Obama Signs Bill to Gut Congressional Insider Trading Law

Obama Signs Bill to Gut Congressional Insider Trading Law

In his 2012 State of the Union Address, President Barack Obama urged members of Congress to pass the STOCK (Stop Trading On Congressional Knowledge) Act, a bill to ban insider trading for members of Congress and their staffs and to increase transparency by putting the financial disclosures of federal workers online.

But on Monday, President Barack Obama signed into law S. 716, a bill that bans financial disclosures of federal executive and legislative workers–which are already publicly available in document form–from being posted online.

Federal workers complained that giving citizens online access to already public information would be a “jackpot” for “enemies of the United States intent on finding security vulnerabilities they can exploit.” 

Government watchdog groups and others say such dire warnings are little more than hyperbolic scaremongering. The Sunlight Foundation called the bill an “epic failure.” The Center for Responsive Politics says S. 716 increases opacity in government in ways that are “unnecessary and uncalled for.”

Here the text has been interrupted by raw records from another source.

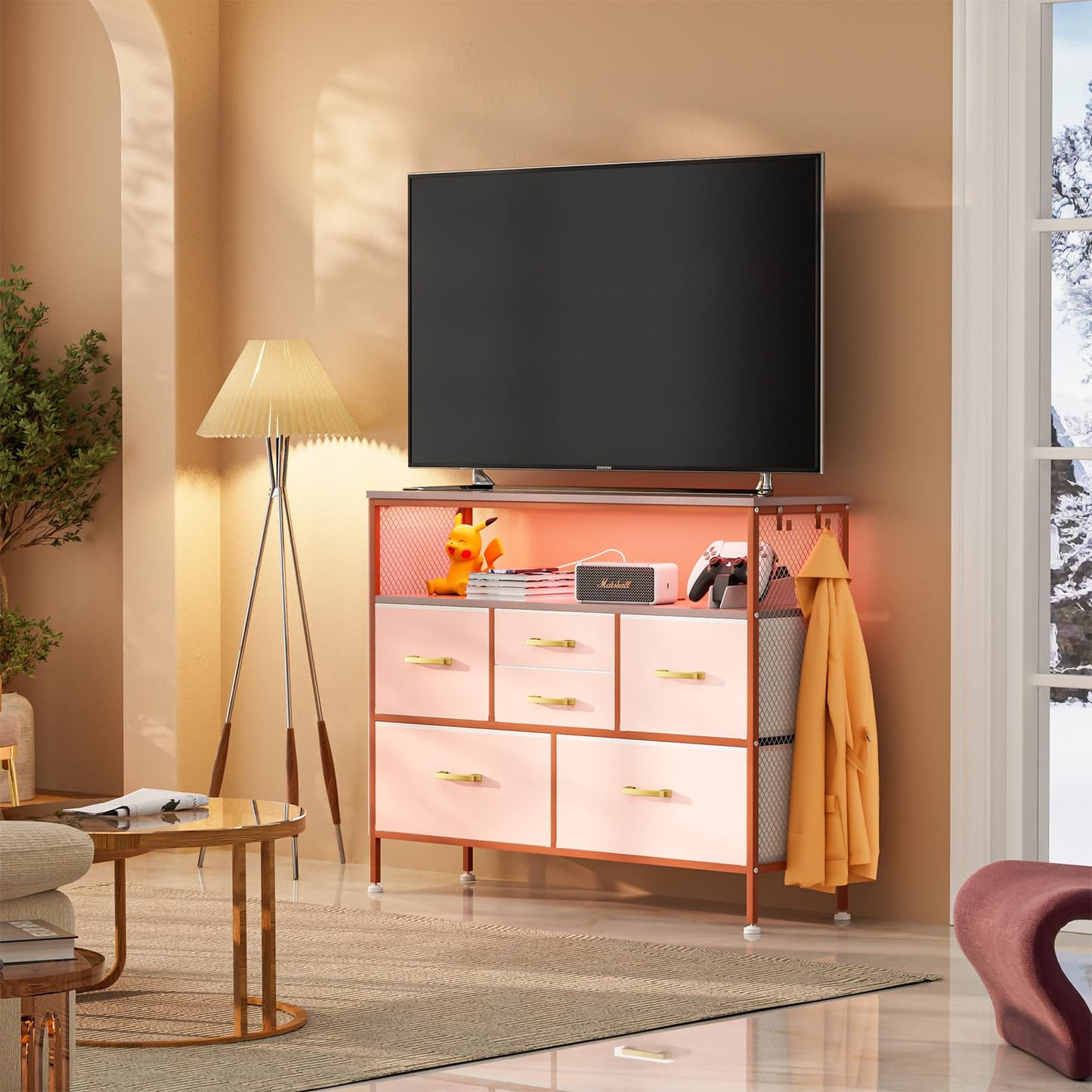 YILQQPER Dresser for Bedroom TV Stand with Power Outlets and LED Light, 6 Drawers Dresser with Side Pockets & Hooks, Wide Dresser with Shelves for 45" TV, Fabric Chest of Drawers with PU Finish, Pink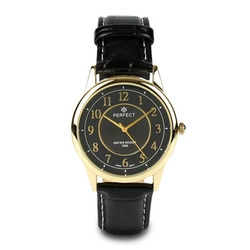 Zegarek męski kwarcowy czarno-złoty klasyczny skórzany pasek C402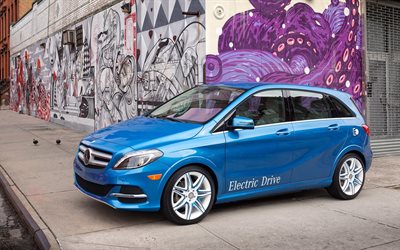 blue, 2015, mercedes-benz, urban, b-class, electric drive, graffiti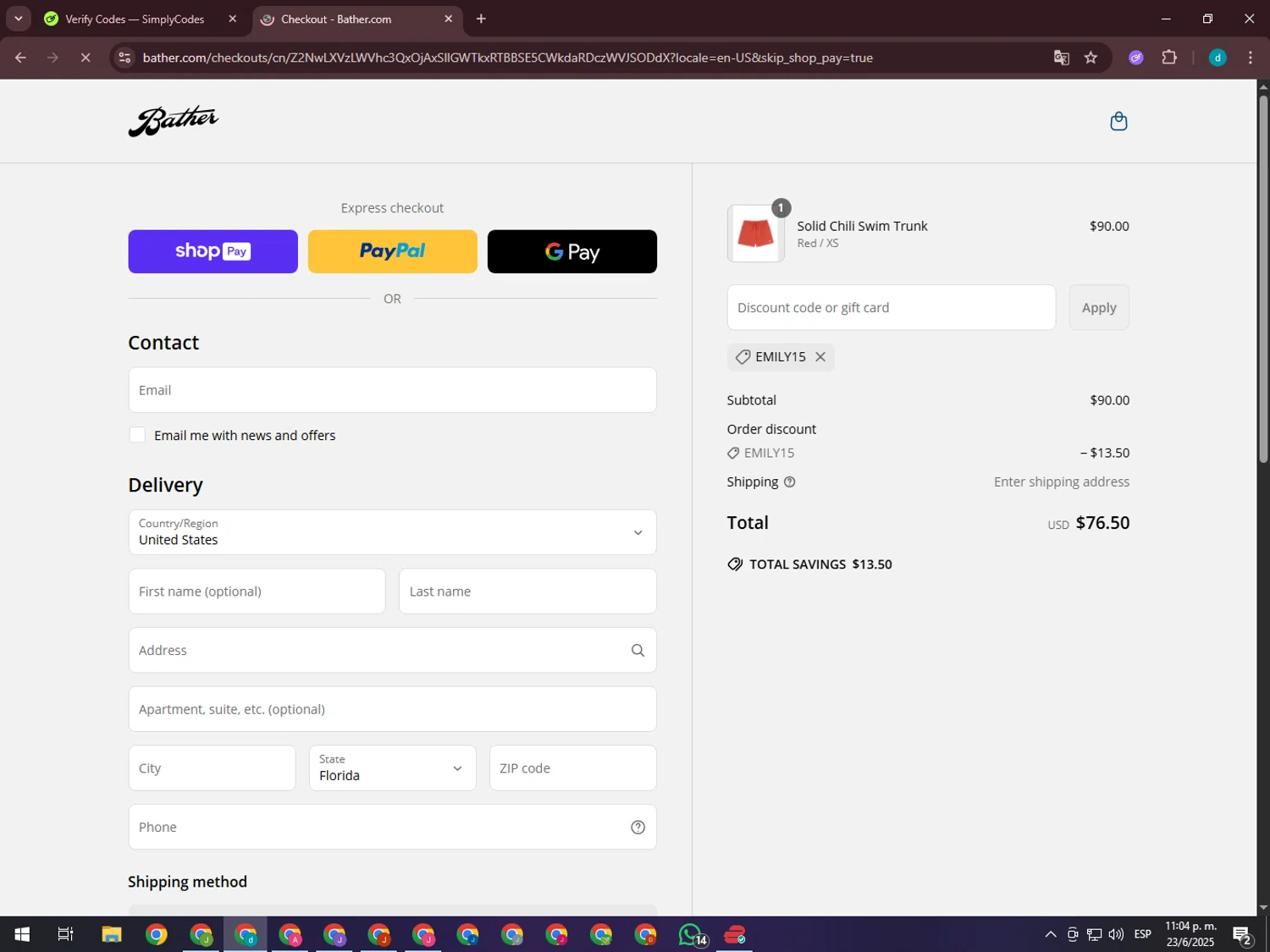 Bather discount code screenshot showing code EMILY15 applied at Bather checkout page. Uploaded by SimplyCodes community member GloriousTiger3507 on Jun 24, 2025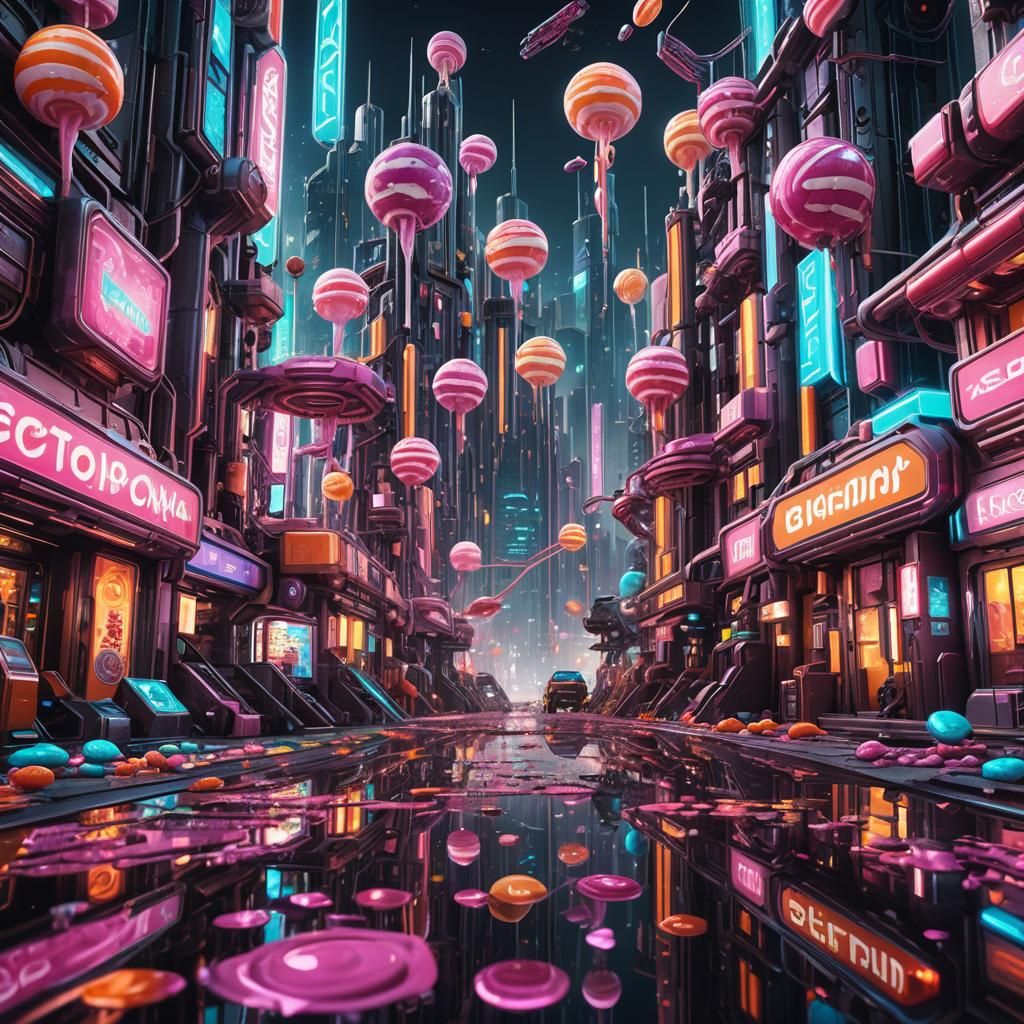 Futuristic Candy City in Sci-Fi Concept Art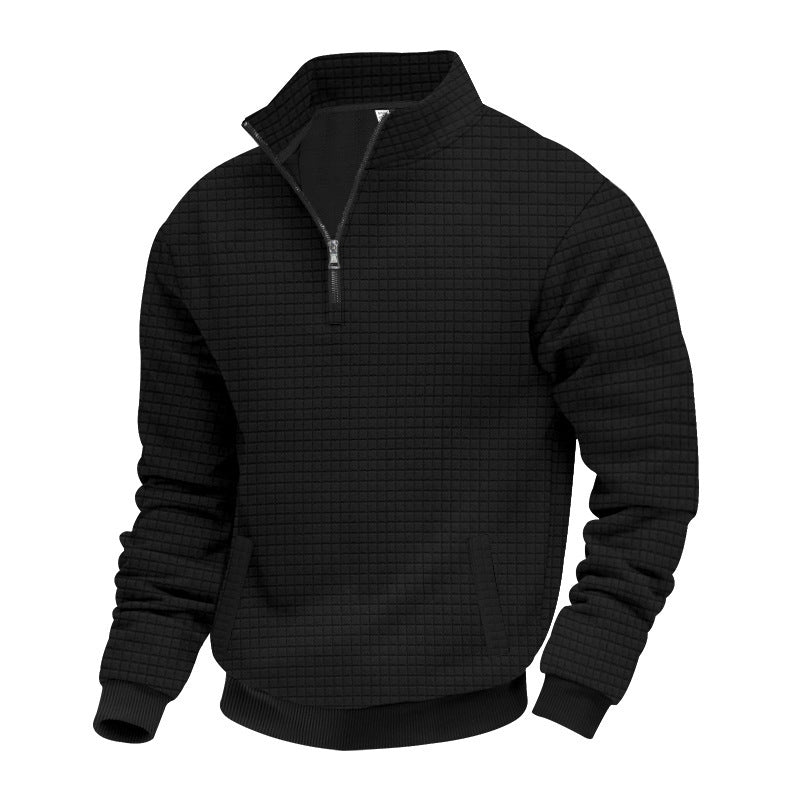 Men's quilted pullover with short zipper and textured design Lisslune
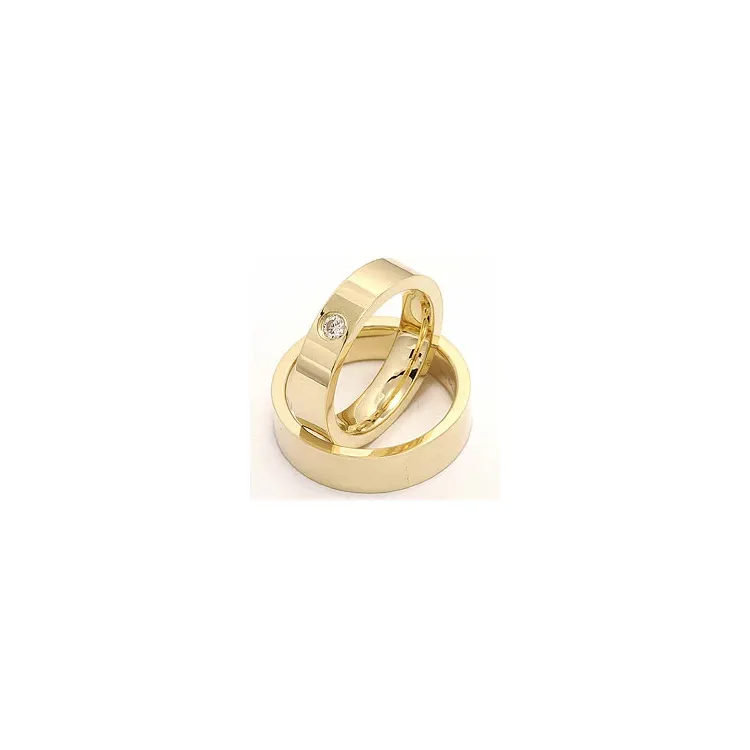 flate gifteringer i 14 karat gull 0,10 ct - par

Indeed, Obama’s decision to sign the bill banning online access to financial disclosures stands in direct contrast to his stated position of increasing transparency in government. The White House website touts the president’s commitment to using technology to give citizens more information and access to their government:

Government is more accountable when it is transparent. That’s why President Obama signed the Memorandum on Transparency and Open Government on his first full day in office, ushering in a new era of open and accountable government to bridge the gap between the American people and their government. The Administration has taken unprecedented steps to make government more efficient and effective.

Still, members of Congress passed and Obama signed S. 716.

“Are we going to return to the days when public can use the internet to research everything except what their government is doing?” asked Lisa Rosenberg of the Sunlight Foundation. “Will Congress, in its twisted wisdom, decide that information is public if journalists, academics, advocates and citizens are forced to dig through file cabinets in basements in Washington to find it?”

Still, Obama claims his is “the most transparent Administration in history.”